On Thursday, with time running out in the 2017 Session, teacher union officials, educators and activists denounced the controversial $200 million spending plan (HB 1505) at a news conference outside of Essrig Elementary School in northwest Tampa.
“Diverting $200 million in our taxpayer money away from our children’s public schools to unaccountable private companies is a terrible plan,” said Michelle Prieto, the Tampa coordinator of the group Mi Familia Vota. “The job of these legislators should be to assure equal access to properly funded education. This bill fails that test miserably.”
Republicans overwhelmingly support the “schools of hope” measure as a way to break the cycle of poverty in low-income communities. They say that these specialized charter operators will use innovative techniques that have been proven to work in other areas.
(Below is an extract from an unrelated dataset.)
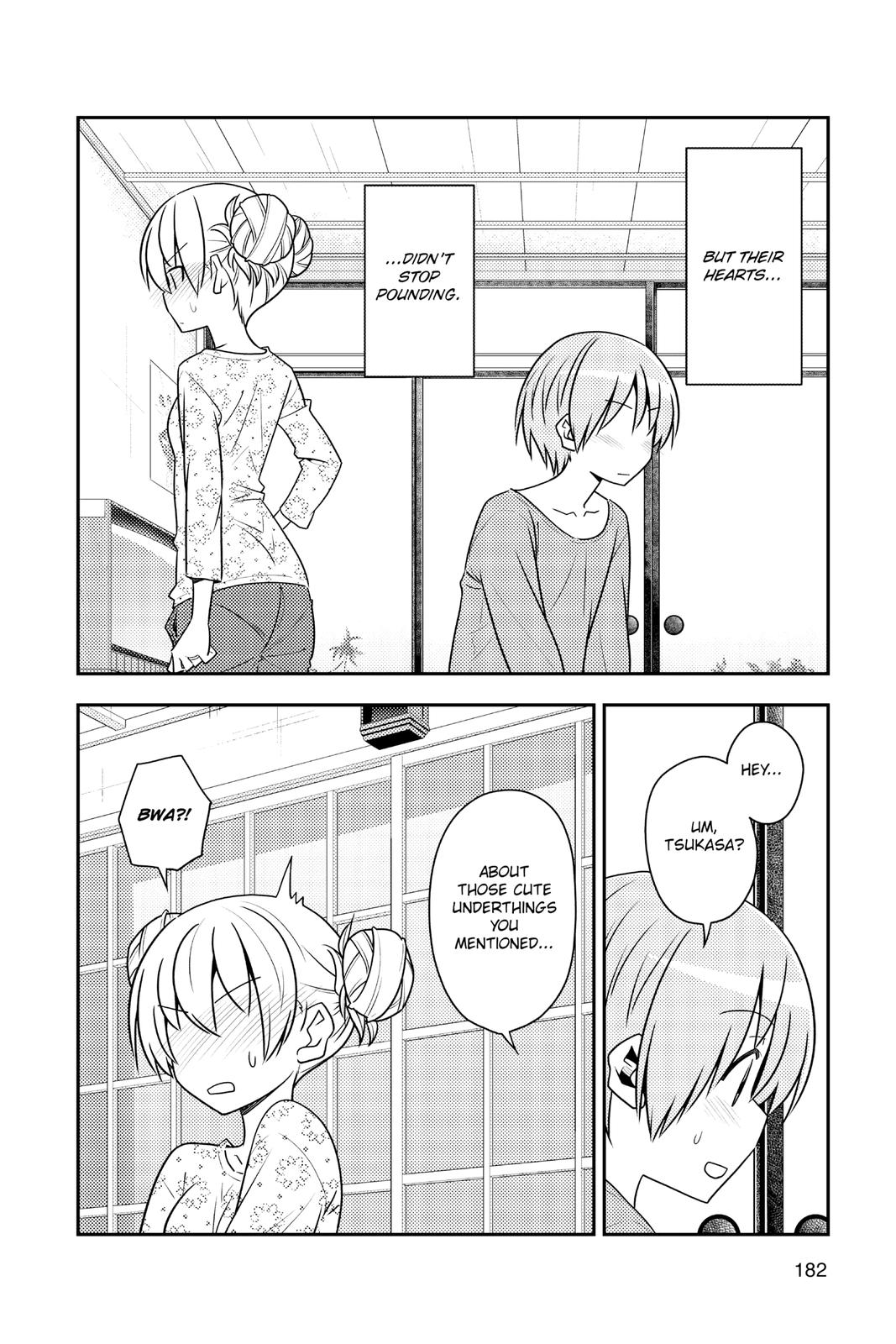 Fly Me to the Moon Chapter 136.5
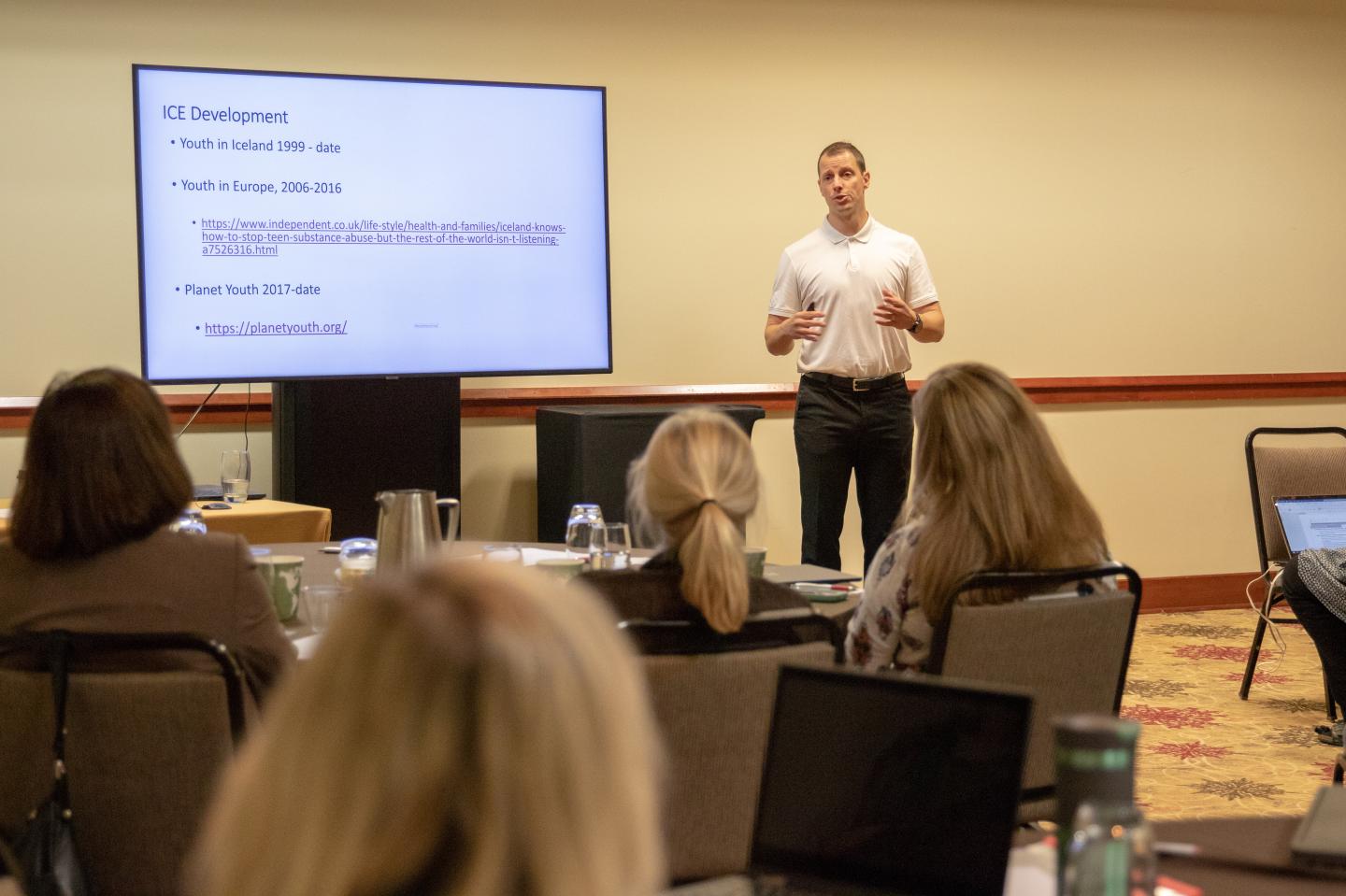 Alfgeir Kristjansson, West Virginia University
The bill, a favorite of House Speaker Richard Corcoran, would provide the infrastructure to allow out-of-state specialized charters to create new schools in communities with public schools graded “D” or “F” for three or more years that also receive Title I funds.
“Did you know that public schools have mandated curriculum, and charters don’t?” asked Nicole Bond, a parent of a first-grader in the Pinellas County school system. “Did you know that teachers in public schools are required to have degrees to teach, and in this charter proposal, they wouldn’t have to?”
Debbie King is the mother of a daughter who attends Hillsborough High School, a former Pasco County high school science teacher, and now is an organizer with the activist group Organize Florida. She acknowledged that Hillsborough County schools have a “lot of issues,” which begins and ends with inadequate funding.
King was recently asked to buy toilet paper that she said was needed at Seminole Heights Elementary School.
“That is absurd,” King said. “There is not funding for recess. There is not funding for toilet paper, but all of a sudden, there’s $200 million for our taxpayer money to give away to private charter schools with no accountability to our Legislature, our families or our children.”
Speakers at the event mentioned other education bills they believe would remedy problems with Florida’s education system more efficiently. One such bill is SB 1552 by Altamonte Springs Republican David Simmons which would encourage school turnaround efforts in which districts extend their school days by at least an hour, provide students with wraparound services, or give charter-like autonomy to their principals.
Newly elected Hillsborough County School Board member Lynn Gray championed Florida public schools, saying that she’d like for Gov. Rick Scott to fund programs that work, like the Tampa Schools international baccalaureate program.
“We have great public magnet schools that could use funding as well as new public schools dedicated to STEM and STEAM,” Gray said. “But, instead those programs and schools are likely to be on the chopping block if ‘Schools of Hope’ passes, and instead a few millionaires who are politically connected and run for-profit schools will get our tax dollars intended for our children and the public school teachers the resources they need to do their job.”
Florida has always been in the bottom five states in funding public education, noted Jean Clements, the president of the Hillsborough County Teachers Association. The $200 million plan for charters is “particularly disturbing,” she said.